>>

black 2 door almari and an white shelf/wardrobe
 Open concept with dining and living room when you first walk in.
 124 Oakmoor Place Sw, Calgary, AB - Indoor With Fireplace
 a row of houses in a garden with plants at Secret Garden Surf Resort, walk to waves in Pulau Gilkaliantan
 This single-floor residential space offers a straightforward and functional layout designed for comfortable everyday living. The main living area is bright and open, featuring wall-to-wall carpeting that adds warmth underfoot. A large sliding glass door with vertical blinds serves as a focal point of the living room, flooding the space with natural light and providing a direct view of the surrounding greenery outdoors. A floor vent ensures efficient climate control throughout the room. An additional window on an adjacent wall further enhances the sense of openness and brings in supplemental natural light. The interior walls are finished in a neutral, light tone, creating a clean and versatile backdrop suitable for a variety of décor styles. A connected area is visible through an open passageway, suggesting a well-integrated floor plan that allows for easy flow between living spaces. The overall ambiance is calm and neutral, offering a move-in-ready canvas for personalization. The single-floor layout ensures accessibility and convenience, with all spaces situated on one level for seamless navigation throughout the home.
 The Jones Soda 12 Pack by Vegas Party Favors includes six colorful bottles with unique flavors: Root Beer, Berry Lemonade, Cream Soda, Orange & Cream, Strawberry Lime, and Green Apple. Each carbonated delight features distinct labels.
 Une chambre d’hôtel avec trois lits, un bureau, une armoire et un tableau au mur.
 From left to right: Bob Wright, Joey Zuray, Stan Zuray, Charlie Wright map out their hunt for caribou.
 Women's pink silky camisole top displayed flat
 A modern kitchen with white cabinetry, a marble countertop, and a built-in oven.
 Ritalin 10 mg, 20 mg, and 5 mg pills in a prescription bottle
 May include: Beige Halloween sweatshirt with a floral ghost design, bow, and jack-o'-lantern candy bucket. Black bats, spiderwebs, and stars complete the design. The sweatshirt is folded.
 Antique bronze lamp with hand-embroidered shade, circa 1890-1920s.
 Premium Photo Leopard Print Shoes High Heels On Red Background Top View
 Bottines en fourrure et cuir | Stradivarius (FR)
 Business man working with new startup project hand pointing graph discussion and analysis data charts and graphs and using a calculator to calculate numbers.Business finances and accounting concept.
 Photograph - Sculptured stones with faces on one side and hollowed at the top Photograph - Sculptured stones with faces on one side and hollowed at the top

<<

PROBLEM REQUIREMENTS: Go through the records above, find each line with the string "concept", and copy it.

RESPONSE TO THE EXERCISE:
 Open concept with dining and living room when you first walk in.
 Business man working with new startup project hand pointing graph discussion and analysis data charts and graphs and using a calculator to calculate numbers.Business finances and accounting concept.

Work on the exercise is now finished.